Extracted records
--------------------------------
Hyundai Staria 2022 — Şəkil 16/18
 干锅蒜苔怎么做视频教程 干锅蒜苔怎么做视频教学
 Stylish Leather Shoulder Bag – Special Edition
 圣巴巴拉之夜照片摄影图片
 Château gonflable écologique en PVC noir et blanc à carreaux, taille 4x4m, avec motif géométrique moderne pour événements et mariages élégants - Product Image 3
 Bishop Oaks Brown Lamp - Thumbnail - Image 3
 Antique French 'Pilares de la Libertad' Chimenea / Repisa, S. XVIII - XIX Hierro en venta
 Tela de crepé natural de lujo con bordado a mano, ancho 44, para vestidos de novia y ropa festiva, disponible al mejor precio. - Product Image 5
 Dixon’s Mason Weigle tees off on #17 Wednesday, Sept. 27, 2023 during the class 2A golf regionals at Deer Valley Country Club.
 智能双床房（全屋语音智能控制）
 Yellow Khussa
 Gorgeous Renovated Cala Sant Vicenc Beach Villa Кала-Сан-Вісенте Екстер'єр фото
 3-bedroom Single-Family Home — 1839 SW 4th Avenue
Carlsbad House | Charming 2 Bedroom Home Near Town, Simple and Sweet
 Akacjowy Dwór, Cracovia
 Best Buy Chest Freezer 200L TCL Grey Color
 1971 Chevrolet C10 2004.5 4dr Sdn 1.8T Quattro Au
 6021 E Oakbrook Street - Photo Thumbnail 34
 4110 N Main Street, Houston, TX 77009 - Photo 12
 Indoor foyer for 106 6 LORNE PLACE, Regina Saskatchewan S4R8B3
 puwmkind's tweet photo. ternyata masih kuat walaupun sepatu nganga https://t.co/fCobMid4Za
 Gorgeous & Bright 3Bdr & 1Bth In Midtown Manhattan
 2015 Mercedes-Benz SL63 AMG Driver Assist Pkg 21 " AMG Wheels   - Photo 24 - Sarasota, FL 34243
--------------------------------
*Exercise prompt:* Find the line that contains "Yellow Khussa". Write out that line and every line after it through the end of the data, exactly, and nothing else.

*Exercise response:*
 Yellow Khussa
 Gorgeous Renovated Cala Sant Vicenc Beach Villa Кала-Сан-Вісенте Екстер'єр фото
 3-bedroom Single-Family Home — 1839 SW 4th Avenue
Carlsbad House | Charming 2 Bedroom Home Near Town, Simple and Sweet
 Akacjowy Dwór, Cracovia
 Best Buy Chest Freezer 200L TCL Grey Color
 1971 Chevrolet C10 2004.5 4dr Sdn 1.8T Quattro Au
 6021 E Oakbrook Street - Photo Thumbnail 34
 4110 N Main Street, Houston, TX 77009 - Photo 12
 Indoor foyer for 106 6 LORNE PLACE, Regina Saskatchewan S4R8B3
 puwmkind's tweet photo. ternyata masih kuat walaupun sepatu nganga https://t.co/fCobMid4Za
 Gorgeous & Bright 3Bdr & 1Bth In Midtown Manhattan
 2015 Mercedes-Benz SL63 AMG Driver Assist Pkg 21 " AMG Wheels   - Photo 24 - Sarasota, FL 34243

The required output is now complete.